**Work to be completed:** Would you restate, word for word, only the lines starting at the one with "2022 Bayliner Bayliner Vr5 250 alt" and ending with the final line of the entries below? Pictures stay out.

**Records provided:**
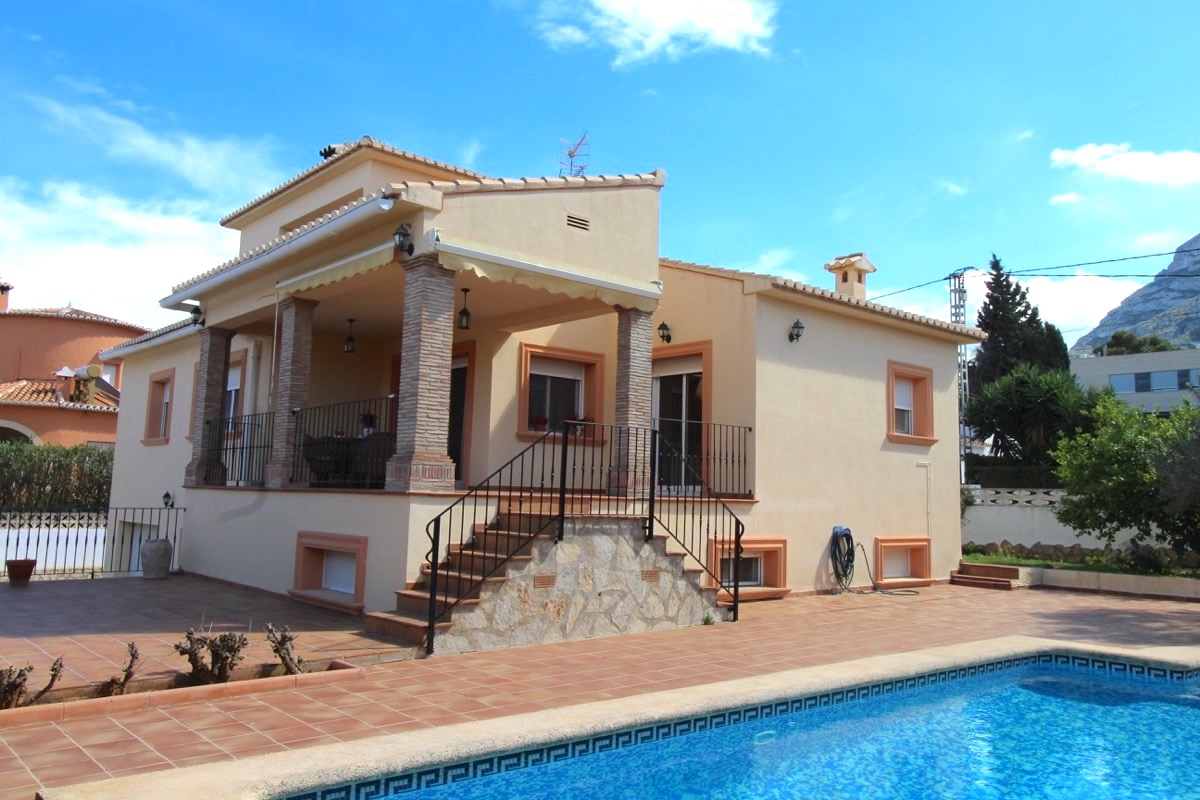 Elegant villa til salgs i Denia i et fantastisk boligområde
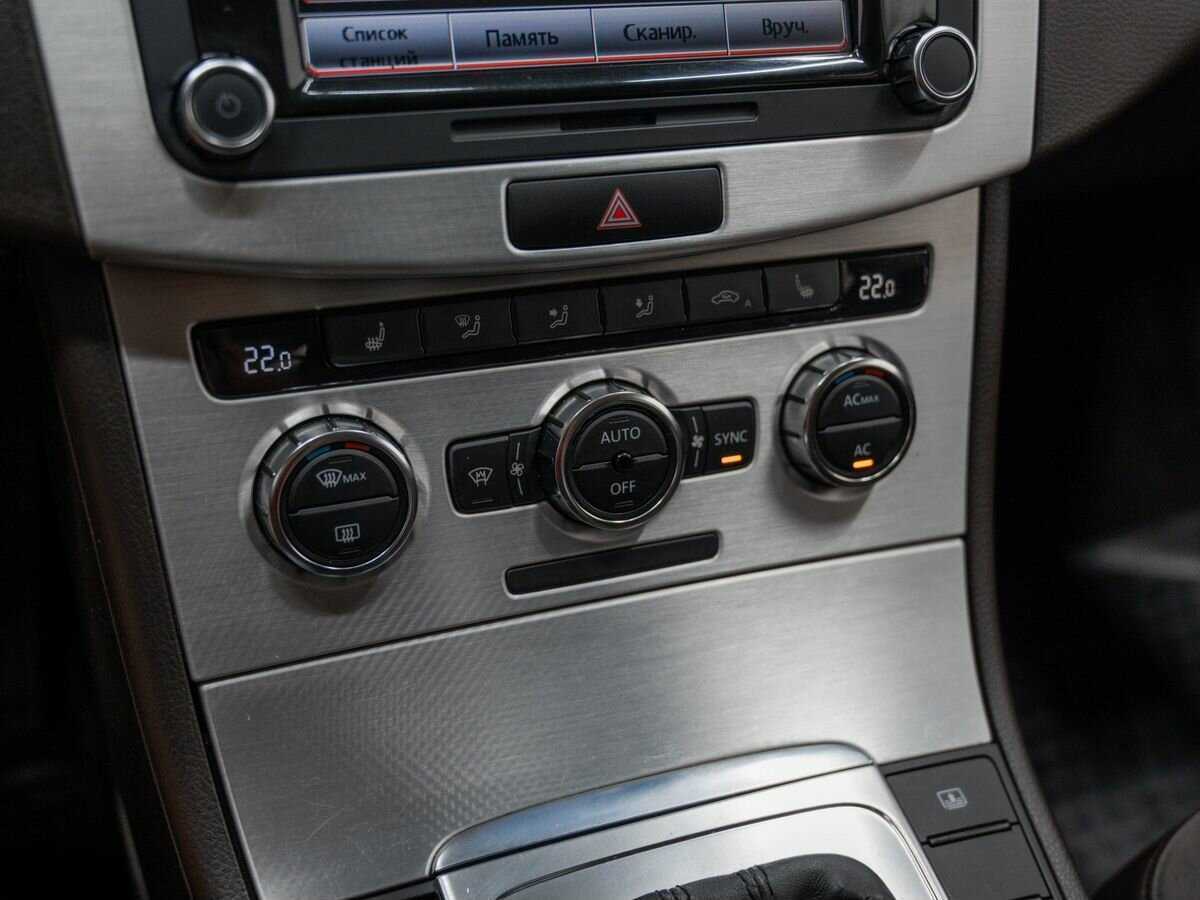 Volkswagen Passat, 2012 Фото №19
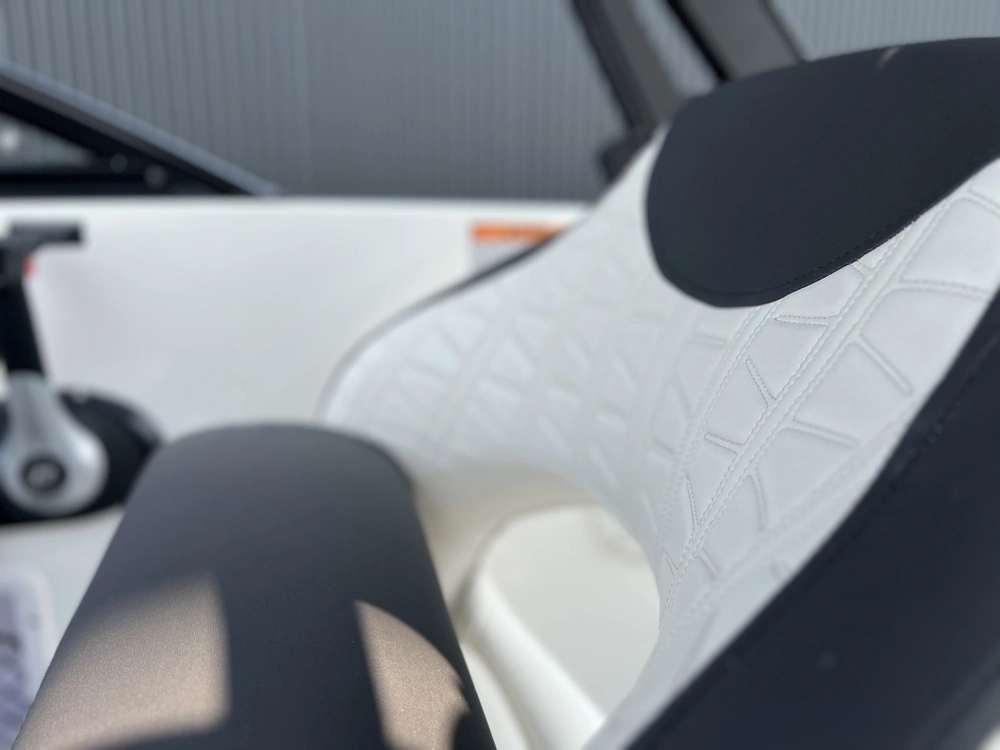 2022 Bayliner Bayliner Vr5 250 alt
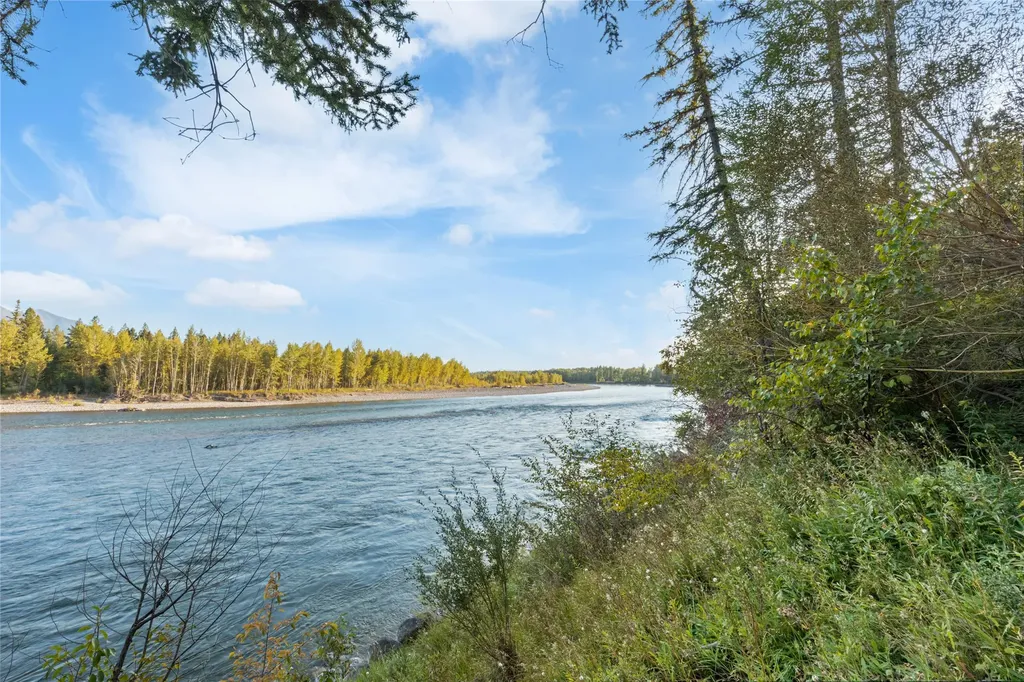 943 Frontage Road Columbia Falls MT 59912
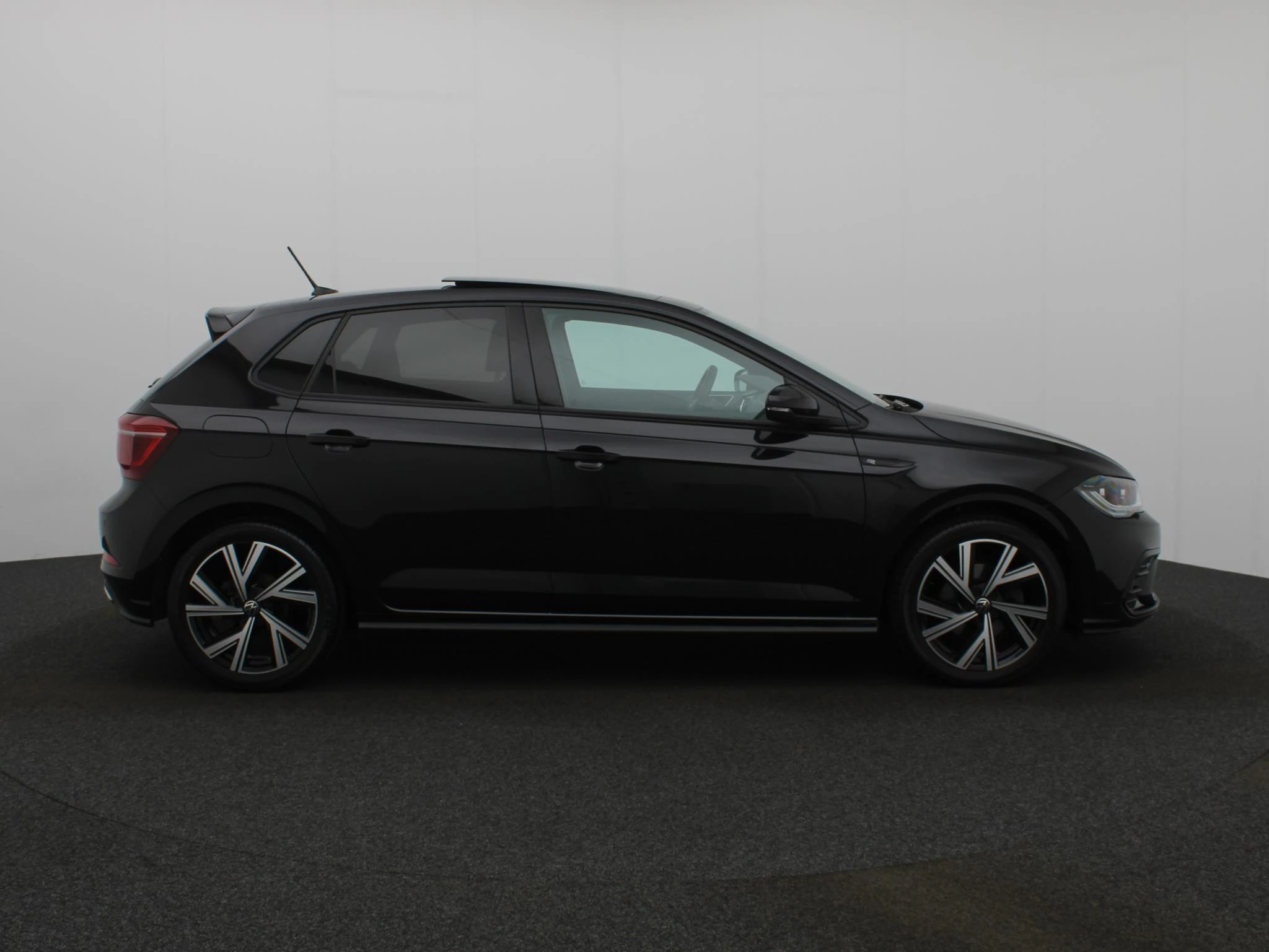 Volkswagen-Polo-image-5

**Written answer:**
 2022 Bayliner Bayliner Vr5 250 alt
 943 Frontage Road Columbia Falls MT 59912
 Volkswagen-Polo-image-5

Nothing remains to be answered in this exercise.